Music makes me want to get out of bed in the morning. I know that it is the one thing for me right mow that I can count on to make any bad day better. All I need is my Taylor guitar and a little time......
 
 www.mattbenoist.com   www.cdbaby.com/cd/benoist

ANDREA KLAS

  • * How has music inspired you?  Your musical inspirations? --

    Music has always been a part of my life. My Mom started singing to me very early on and I was harmonizing with her at 3 yrs of age. I was brought up in a very diverse musical family where my Mom listened to Opera, my Dad listened to country and my two older siblings listened f to everything from heavy metal to light rock.

    I was in my first Musical theatre production at the age of 12 and then I started my own band at 18. So I guess you could say that I have been inspired by many different genres. I love all types of music and I think this is reflected in all the songs I have written. ORION , my debut album, has an array of influences in the songs and I think the type of fan that enjoys my album will appreciate that all the songs are NOT the same.

    I can truly say that I am inspired by many different genres as well. I love great music no matter what the genre . A song or band that the speaks to my soul are the ones that inspire me to write more songs.
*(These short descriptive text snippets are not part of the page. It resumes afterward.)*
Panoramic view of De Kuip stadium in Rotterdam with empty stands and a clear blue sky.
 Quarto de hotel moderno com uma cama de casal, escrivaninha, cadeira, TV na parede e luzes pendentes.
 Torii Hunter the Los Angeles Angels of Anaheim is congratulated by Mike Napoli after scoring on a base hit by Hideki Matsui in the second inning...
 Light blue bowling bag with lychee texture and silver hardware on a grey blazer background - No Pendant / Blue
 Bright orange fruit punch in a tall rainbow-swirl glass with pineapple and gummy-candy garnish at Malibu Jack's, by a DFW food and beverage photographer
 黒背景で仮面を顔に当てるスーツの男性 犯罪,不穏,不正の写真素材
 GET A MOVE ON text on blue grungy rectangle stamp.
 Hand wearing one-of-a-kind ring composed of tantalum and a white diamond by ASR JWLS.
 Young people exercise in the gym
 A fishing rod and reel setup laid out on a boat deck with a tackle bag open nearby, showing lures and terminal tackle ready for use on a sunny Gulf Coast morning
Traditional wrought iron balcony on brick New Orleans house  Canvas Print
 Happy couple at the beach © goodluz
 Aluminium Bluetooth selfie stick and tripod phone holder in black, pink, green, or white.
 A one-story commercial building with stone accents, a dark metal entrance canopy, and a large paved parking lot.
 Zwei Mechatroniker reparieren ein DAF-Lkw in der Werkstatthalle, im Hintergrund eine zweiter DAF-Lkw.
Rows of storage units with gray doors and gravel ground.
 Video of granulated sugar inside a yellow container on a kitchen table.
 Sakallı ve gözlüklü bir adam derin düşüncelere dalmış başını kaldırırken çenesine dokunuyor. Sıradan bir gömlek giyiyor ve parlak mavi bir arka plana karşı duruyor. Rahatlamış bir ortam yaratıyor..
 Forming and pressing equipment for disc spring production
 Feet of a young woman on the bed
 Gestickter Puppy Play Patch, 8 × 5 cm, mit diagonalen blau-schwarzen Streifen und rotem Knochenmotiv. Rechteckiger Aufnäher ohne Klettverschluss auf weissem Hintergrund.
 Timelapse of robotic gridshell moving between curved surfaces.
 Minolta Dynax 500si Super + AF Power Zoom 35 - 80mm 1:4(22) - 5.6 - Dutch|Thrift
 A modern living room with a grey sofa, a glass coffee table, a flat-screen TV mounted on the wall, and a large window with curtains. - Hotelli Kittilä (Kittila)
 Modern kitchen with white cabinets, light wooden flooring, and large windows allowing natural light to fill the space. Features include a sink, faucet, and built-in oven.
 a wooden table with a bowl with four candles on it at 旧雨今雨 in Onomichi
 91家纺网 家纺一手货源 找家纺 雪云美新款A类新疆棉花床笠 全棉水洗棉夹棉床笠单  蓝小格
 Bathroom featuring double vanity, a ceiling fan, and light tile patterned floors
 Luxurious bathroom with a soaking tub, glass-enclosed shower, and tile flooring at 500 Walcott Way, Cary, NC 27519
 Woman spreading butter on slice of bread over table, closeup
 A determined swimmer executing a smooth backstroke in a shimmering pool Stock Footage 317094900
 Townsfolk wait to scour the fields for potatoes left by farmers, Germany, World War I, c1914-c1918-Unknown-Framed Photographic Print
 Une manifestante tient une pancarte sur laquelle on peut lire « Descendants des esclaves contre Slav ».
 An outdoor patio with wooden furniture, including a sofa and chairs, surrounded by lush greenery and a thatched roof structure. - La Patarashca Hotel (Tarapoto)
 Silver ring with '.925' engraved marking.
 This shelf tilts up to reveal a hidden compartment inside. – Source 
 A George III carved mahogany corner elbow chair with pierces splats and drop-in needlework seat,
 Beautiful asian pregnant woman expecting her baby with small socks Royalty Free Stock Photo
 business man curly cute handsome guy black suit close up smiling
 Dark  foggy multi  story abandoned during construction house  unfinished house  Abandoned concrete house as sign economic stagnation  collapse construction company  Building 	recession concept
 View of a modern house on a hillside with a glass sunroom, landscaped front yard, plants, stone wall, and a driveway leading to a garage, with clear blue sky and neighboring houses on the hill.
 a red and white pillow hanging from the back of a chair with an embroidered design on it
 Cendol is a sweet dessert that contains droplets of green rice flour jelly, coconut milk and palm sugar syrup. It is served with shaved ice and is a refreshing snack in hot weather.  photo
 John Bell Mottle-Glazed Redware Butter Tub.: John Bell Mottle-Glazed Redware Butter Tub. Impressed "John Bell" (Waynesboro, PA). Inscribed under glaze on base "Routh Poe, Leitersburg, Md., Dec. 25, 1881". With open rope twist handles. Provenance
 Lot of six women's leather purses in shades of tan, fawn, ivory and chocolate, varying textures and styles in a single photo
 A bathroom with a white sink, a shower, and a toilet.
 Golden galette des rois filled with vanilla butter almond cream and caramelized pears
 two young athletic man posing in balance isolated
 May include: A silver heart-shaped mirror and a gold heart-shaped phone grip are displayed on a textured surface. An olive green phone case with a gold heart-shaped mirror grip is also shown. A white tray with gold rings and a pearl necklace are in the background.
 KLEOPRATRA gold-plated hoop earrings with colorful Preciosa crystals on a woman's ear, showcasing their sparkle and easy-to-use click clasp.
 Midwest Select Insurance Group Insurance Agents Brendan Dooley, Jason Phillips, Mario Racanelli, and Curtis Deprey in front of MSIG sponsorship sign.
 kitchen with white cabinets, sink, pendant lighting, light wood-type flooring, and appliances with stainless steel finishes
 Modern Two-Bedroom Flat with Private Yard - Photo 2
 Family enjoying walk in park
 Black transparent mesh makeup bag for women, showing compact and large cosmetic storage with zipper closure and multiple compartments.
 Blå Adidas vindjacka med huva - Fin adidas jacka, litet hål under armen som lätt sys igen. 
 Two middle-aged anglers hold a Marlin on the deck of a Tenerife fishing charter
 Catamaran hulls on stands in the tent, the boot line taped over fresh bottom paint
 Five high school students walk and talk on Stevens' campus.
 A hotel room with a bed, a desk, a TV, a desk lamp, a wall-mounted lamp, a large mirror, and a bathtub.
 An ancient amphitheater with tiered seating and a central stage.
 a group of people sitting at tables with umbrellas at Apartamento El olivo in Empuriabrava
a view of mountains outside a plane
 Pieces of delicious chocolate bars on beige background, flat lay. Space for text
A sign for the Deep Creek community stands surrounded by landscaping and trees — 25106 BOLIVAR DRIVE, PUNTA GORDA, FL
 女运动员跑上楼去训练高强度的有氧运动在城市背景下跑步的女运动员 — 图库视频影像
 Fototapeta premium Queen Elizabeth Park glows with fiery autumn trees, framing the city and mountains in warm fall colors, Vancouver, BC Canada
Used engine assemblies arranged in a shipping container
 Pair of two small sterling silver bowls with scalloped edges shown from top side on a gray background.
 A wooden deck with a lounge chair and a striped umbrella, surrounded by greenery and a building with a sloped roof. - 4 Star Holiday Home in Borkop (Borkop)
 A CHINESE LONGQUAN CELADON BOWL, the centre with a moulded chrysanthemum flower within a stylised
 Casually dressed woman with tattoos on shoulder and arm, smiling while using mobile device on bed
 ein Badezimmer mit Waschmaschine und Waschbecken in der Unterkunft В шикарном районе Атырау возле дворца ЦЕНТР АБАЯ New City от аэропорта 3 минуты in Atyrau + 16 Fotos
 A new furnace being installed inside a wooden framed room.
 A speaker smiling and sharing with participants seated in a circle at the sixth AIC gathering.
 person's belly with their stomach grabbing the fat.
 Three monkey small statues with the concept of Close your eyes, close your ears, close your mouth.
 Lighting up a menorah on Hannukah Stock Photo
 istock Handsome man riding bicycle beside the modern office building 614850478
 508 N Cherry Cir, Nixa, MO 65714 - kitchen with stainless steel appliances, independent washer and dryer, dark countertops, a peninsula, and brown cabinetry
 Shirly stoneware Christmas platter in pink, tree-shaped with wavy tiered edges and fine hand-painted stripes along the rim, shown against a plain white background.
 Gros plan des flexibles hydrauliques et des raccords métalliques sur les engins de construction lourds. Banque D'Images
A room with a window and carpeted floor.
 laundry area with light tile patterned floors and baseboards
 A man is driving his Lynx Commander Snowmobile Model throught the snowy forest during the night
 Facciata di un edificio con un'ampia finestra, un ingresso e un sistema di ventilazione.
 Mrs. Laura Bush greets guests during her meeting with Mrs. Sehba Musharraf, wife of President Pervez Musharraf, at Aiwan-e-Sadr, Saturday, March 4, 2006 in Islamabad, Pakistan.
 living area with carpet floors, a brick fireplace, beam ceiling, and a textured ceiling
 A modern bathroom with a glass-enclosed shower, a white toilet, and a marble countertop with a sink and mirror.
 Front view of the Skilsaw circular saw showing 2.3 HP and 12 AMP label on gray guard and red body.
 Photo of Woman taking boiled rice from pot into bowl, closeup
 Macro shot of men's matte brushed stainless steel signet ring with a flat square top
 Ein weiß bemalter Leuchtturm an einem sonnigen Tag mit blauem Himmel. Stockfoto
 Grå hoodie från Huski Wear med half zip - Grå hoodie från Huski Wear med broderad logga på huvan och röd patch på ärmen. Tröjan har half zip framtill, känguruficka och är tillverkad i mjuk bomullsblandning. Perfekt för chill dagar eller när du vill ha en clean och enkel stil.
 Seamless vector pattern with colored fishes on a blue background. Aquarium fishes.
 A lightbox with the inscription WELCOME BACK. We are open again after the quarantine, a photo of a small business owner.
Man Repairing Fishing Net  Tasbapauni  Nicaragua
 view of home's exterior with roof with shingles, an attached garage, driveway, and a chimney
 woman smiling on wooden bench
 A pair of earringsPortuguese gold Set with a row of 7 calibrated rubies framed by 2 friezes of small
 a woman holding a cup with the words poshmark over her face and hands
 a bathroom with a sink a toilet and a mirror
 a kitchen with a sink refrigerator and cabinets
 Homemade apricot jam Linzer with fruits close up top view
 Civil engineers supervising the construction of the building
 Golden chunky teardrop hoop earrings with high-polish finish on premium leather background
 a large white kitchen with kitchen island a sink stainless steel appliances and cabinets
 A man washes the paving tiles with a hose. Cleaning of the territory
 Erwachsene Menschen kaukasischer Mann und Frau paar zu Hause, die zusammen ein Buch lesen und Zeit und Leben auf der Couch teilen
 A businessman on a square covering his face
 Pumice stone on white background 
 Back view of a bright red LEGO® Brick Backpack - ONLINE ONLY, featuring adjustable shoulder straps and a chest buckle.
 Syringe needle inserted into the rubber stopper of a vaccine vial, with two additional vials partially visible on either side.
    * Has music helped you through a difficult or traumatic time in your life?

    Music has always been the one constant thread through any time of my life. I would have to say that the most difficult time in my life was when my parents got divorced . I was just out of high school and trying to find my way. They both moved out of the house, my Mom went to Toronto and my Dad moved to our Cottage outside Edmonton. I moved into this dinky little basement suite that I could barely afford. This was the time in my life that I had Musical Theatre and my band to give me sense of purpose . I was happy and really found myself . I became the person I am today and have written the songs I have written because of those hard times in my life. I will always have those times and thank God I had my music. When I was performing I always felt I was "Home" and I didn't need to have anything , a house or material things to be happy.

    * Any CDs or songs that are meaningful to you?

    I am listening to Coldplay and The Best Of Crowded House . At the moment , these two bands are inspiring me to write more songs

    *How did you get into the music business?

    My Mom took me to my first vocal coach at age 7. I have been in it ever since!

    * Discuss the creative or songwriting process --

    WOW that is a big question. I co-write with Adam Popowitz, my producer as well. We get together and just start playing different chords on guitar and piano and then listen to see if anything catches our attention. This can take the most time. Once we get the chord structure , I begin to sing different melody lines in and out of the chords and let it flow. We tape everything in case I am in a trance and can't recall my moments of brilliance..ha..ha. No really, all the melodies and harmonies come from my head at this point. Then we cut and paste some of my melodic ideas and come up with the melody. We end one session with a chord structure and melody . I then take the melody back to my studio and work with it until it speaks to me . I listen to the melody over and over and then the words just start to come. Then Adam and I meet again and we finalize the lyrics. That's how it goes for me !

    * Discuss your feelings about the powerful or life-changing effects that music can have on a person--

     I believe that music is the basis for all life changing experiences. If you ask people to recall an important time or life changing event like a break-up of a boyfriend or graduation or divorce they will always mention a song that reminds them of it.

    A lot of songs inspire people to be more active politically or socially or to just get up and change their situation( if it is a bad one). Music by REM or Moby has that effect on some people. Music that is gospel in nature helps those to connect more with their faith. I have heard that some of the most inspirational music ever is heard in the churches in the BRONX or in Harlem.